In one or more embodiments of the present invention, the discs in the disc drill bit may be positively or negatively offset from the bit body. Referring now to FIGS. 3A & 3B, examples of negative and positive offset in a prior art disc drill bit 301 are shown. Disc drill bit 301 includes a bit body 303 having a journal (not shown), on which a disc 305 is rotatably mounted. Inserts 307 are arranged on the outside radius of disc 305. Disc drill bit 301 further includes a center axis 311 of rotation of bit body 303 offset from an axis 313 of rotation of disc 305. Bit body 303 rotates in one direction, as indicated in the figures, causing disc 305 to rotate in an opposite direction when cutting a borehole 331. Referring specifically to FIG. 3A, axis 313 of rotation of disc 305 is offset laterally backwards in relation to the clockwise rotation of bit body 303, showing disc drill bit 301 as negatively offset. Referring specifically to FIG. 3B, axis 313 of rotation of disc 305 is offset laterally forwards in relation to the clockwise rotation of bit body 303, showing disc drill bit 301 as positively offset.

The positive and negative offset of the discs ensures that only an appropriate portion of the PDC cutting elements and inserts are cutting the borehole at any given time. If -the entire surface of the disc was effectively drilling the borehole, the discs and drill would be prone to stalling in rotation. The offset arrangement of the discs assures that only a selected portion of the disc is cutting. Also, offsets force the discs to shear while penetrating the earth formation. The present invention is particularly well adapted to be used with negative offset.
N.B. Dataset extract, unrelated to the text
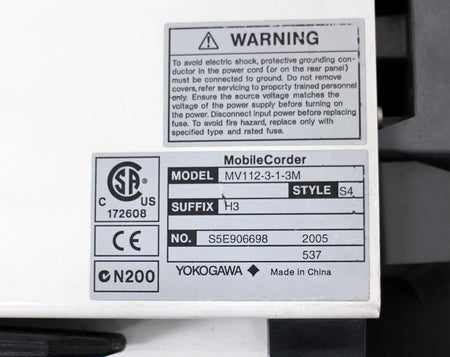 YOKOGAWA MV112 12ch Mobile Corder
Referring now to FIG. 5, another disc drill bit 501 in accordance with an embodiment of the present invention is shown. Disc drill bit 501 includes a bit body 503 having one or more journals (not shown), on which one or more discs 505 are rotatably mounted. Disposed on at least one of discs 505 of disc drill bit 501 are first radial row 507 of cutting elements and second radial row 509 of cutting elements. In this embodiment, cutting elements of second radial row 509 are not configured into individual cutting structures with cutting elements of first radial row 507 and are instead maintained as separate bodies. Cutting elements of first radial row 507 are arranged about the outside radius of discs 505 in a compressive configuration. Cutting elements of second radial row 509 are disposed on the face of disc 505 in a shearing configuration. As shown in FIG. 5, first radial row 507 of cutting elements form a row arranged radially outboard (away from the center of the disc) of the radial position of a row formed by second radial row 509 of cutting elements.
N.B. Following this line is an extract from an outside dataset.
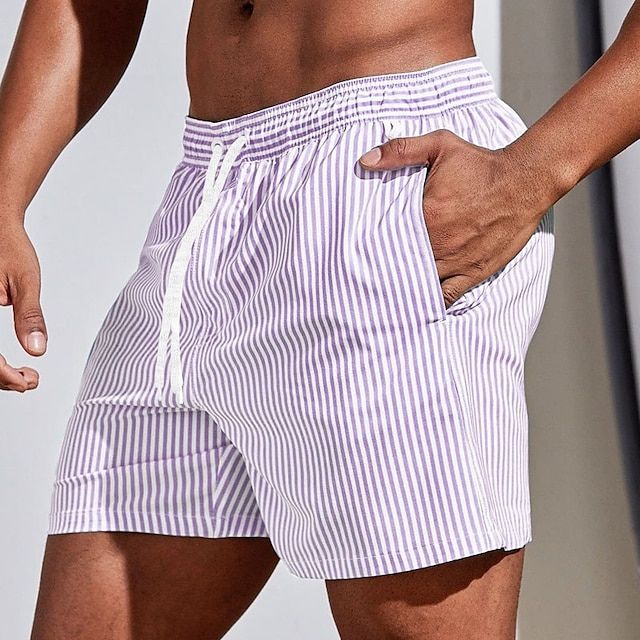 Martin – Legere gestreifte Boardshorts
Disc drill bit 501 further includes a webbing 511 disposed on discs 505. Webbing 511 is arranged on the outside radius of discs 505 and is adjacent to first radial row cutting 507 of cutting elements. Optionally, webbing 511 can be an integral part of discs 505, as shown in FIG. 5, wherein webbing 511 is manufactured into discs 505. However, webbing 511 can also be an overlay that is placed on discs 505 after they have been manufactured. Furthermore, discs 505 could be manufactured, webbing 511 then placed on discs 505 adjacent to first radial row 507 of cutting elements, and webbing 511 then brazed onto discs 505 if necessary.
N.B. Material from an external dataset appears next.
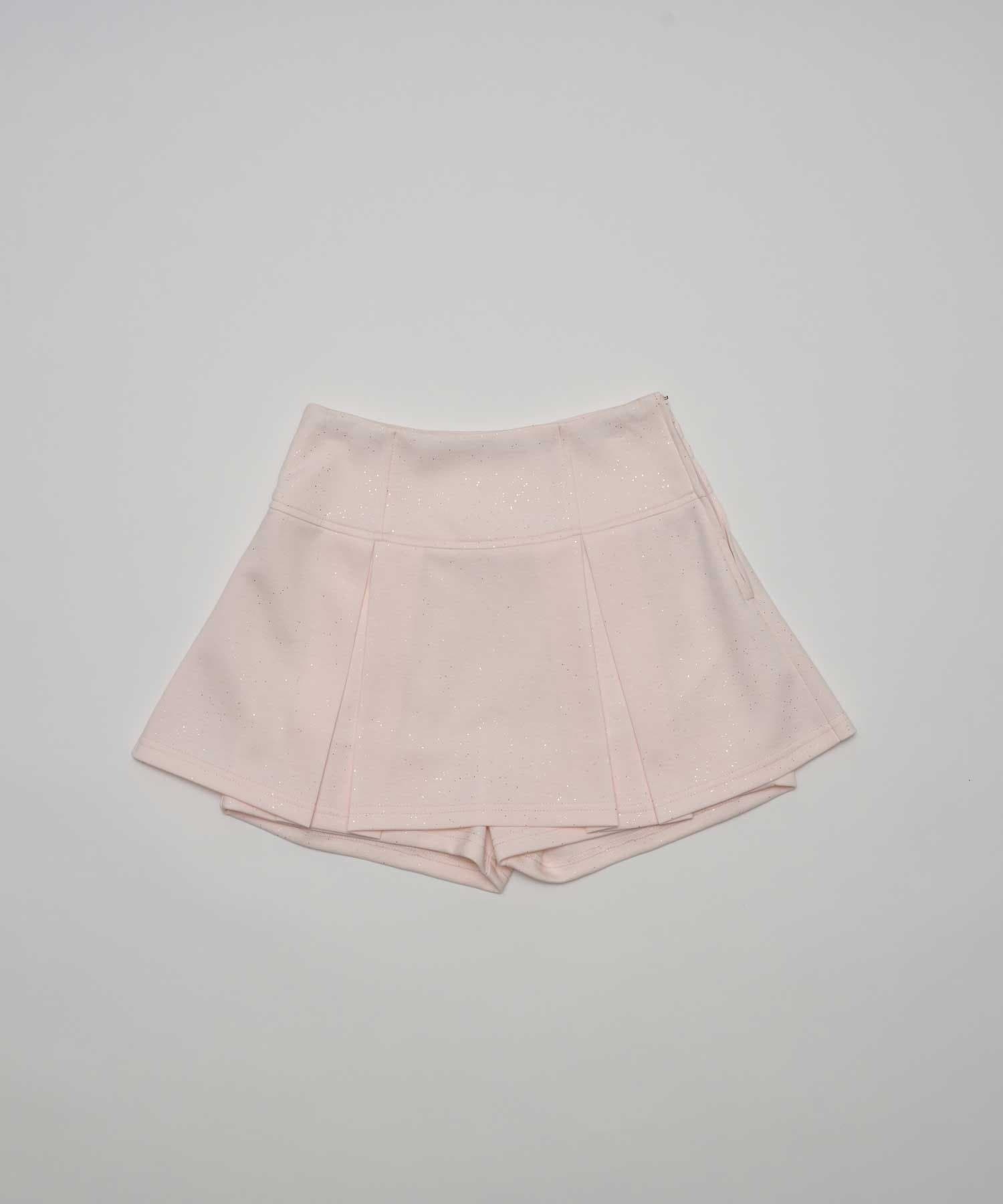 Belle Charme(ベルシャルム) Sparkle Pleats Skirt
When drilling earth formations, webbing 511 can provide structural support for first radial row 507 of cutting elements to help prevent overloading. The compressive forces distributed on the cutting elements of first radial row 507 could be translated to webbing 511 for support. The height of webbing 511 can be adjusted such that the depth of cut of the cutting elements of first radial row 507 is limited. Having a low webbing height would allow the cutting elements of first radial row 507 to take a deeper cut when drilling into the earth formation, as compared to the depth of cut a high webbing height would allow. The adjustable webbing height further prevents overloading of the first radial row 509 of cutting elements.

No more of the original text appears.